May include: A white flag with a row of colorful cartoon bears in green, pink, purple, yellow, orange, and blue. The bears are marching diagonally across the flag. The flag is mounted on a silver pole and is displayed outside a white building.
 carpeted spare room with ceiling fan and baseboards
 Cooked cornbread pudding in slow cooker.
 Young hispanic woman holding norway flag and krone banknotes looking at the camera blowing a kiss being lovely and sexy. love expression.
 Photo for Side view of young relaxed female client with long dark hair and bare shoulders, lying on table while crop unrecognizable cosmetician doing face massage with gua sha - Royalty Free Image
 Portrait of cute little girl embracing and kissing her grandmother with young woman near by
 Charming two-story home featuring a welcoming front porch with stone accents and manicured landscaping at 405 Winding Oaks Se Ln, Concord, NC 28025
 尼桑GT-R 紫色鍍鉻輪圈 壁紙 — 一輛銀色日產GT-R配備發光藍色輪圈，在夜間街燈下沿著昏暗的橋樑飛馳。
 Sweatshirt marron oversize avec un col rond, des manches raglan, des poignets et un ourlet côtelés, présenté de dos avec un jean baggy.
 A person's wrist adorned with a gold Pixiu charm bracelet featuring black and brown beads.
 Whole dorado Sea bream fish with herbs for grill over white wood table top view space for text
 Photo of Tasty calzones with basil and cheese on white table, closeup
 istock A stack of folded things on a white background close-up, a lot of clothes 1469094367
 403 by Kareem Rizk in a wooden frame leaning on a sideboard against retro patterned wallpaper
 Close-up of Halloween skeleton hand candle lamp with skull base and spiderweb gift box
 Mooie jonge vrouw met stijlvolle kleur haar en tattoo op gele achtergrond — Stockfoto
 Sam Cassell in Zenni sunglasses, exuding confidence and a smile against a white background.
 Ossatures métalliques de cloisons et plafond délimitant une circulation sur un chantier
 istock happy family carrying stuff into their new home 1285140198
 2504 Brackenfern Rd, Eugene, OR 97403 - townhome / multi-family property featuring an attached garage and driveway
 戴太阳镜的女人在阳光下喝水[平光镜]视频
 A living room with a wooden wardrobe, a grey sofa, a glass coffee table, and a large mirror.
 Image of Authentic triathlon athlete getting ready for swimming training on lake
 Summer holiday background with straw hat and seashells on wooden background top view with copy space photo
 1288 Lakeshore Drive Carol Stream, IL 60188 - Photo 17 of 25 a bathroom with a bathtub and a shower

####

EXERCISE GOAL
The lines above from the one containing "Cooked cornbread pudding in slow cooker." through the one containing "Photo for Side" are to be set down exactly, and no others.

TASK ANSWER
 Cooked cornbread pudding in slow cooker.
 Young hispanic woman holding norway flag and krone banknotes looking at the camera blowing a kiss being lovely and sexy. love expression.
 Photo for Side view of young relaxed female client with long dark hair and bare shoulders, lying on table while crop unrecognizable cosmetician doing face massage with gua sha - Royalty Free Image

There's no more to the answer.